Meng Xianglian, Liu Junlong, Fan Xiang, Bian Chenyuan, Wei Qingpeng, Wang Ziwei, Liu Wenjie, Jiao Zhuqing
School of Computer Information and Engineering, Changzhou Institute of Technology, Changzhou, China.
Shandong Provincial Key Laboratory of Digital Medicine and Computer-Assisted Surgery, Affiliated Hospital of Qingdao University, Qingdao, China.
Front Aging Neurosci. 2022 May 16;14:911220. doi: 10.3389/fnagi.2022.911220. eCollection 2022.
Alzheimer's disease (AD) is a neurodegenerative brain disease, and it is challenging to mine features that distinguish AD and healthy control (HC) from multiple datasets. Brain network modeling technology in AD using single-modal images often lacks supplementary information regarding multi-source resolution and has poor spatiotemporal sensitivity. In this study, we proposed a novel multi-modal LassoNet framework with a neural network for AD-related feature detection and classification. Specifically, data including two modalities of resting-state functional magnetic resonance imaging (rs-fMRI) and diffusion tensor imaging (DTI) were adopted for predicting pathological brain areas related to AD. The results of 10 repeated experiments and validation experiments in three groups prove that our proposed framework outperforms well in classification performance, generalization, and reproducibility. Also, we found discriminative brain regions, such as Hippocampus, Frontal_Inf_Orb_L, Parietal_Sup_L, Putamen_L, Fusiform_R, etc. These discoveries provide a novel method for AD research, and the experimental study demonstrates that the framework will further improve our understanding of the mechanisms underlying the development of AD.

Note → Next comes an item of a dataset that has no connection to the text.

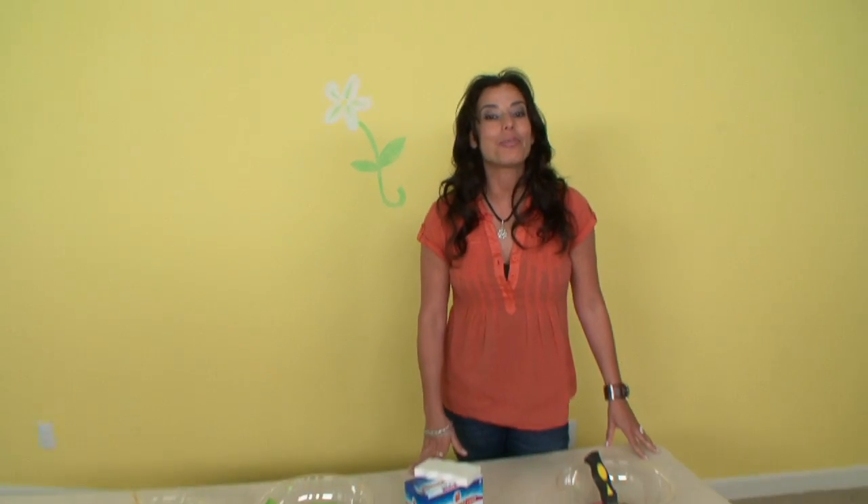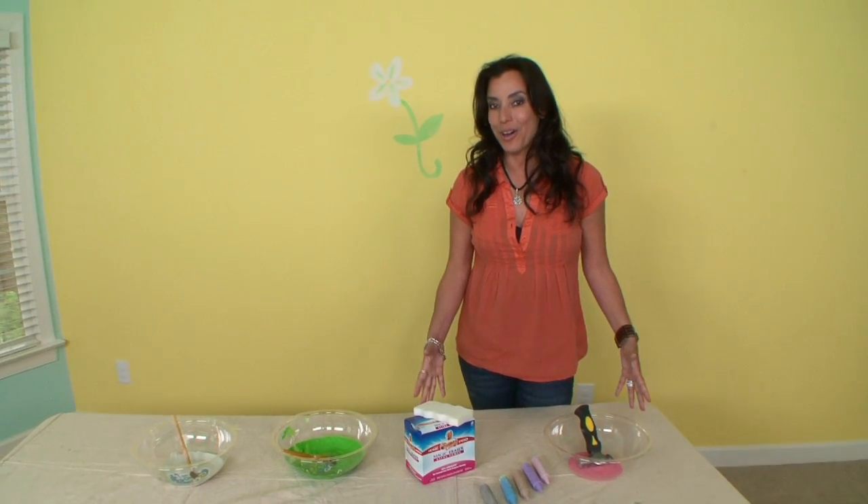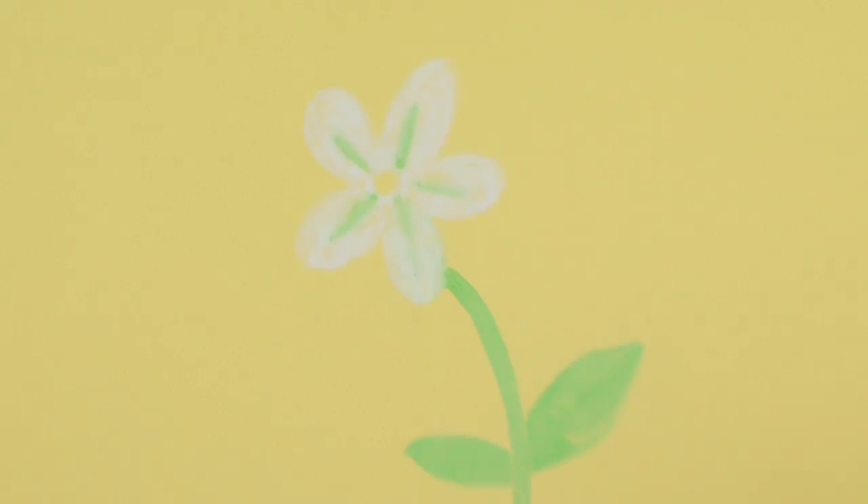If you live in an apartment or rent property where you're not allowed to paint your walls, try doing temporary designs with chalk.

阿尔茨海默病(AD)是一种神经退行性脑疾病,从多个数据集中挖掘区分AD与健康对照(HC)的特征具有挑战性。使用单模态图像的AD脑网络建模技术通常缺乏关于多源分辨率的补充信息,且时空敏感性较差。在本研究中,我们提出了一种用于AD相关特征检测和分类的新型多模态LassoNet框架,该框架带有一个神经网络。具体而言,采用静息态功能磁共振成像(rs-fMRI)和扩散张量成像(DTI)这两种模态的数据来预测与AD相关的脑病理区域。在三组中进行的10次重复实验和验证实验结果证明,我们提出的框架在分类性能、泛化能力和可重复性方面表现出色。此外,我们发现了具有鉴别性的脑区,如海马体、左额叶眶部、左顶上叶、左壳核、右梭状回等。这些发现为AD研究提供了一种新方法,并且实验研究表明该框架将进一步增进我们对AD发病机制的理解。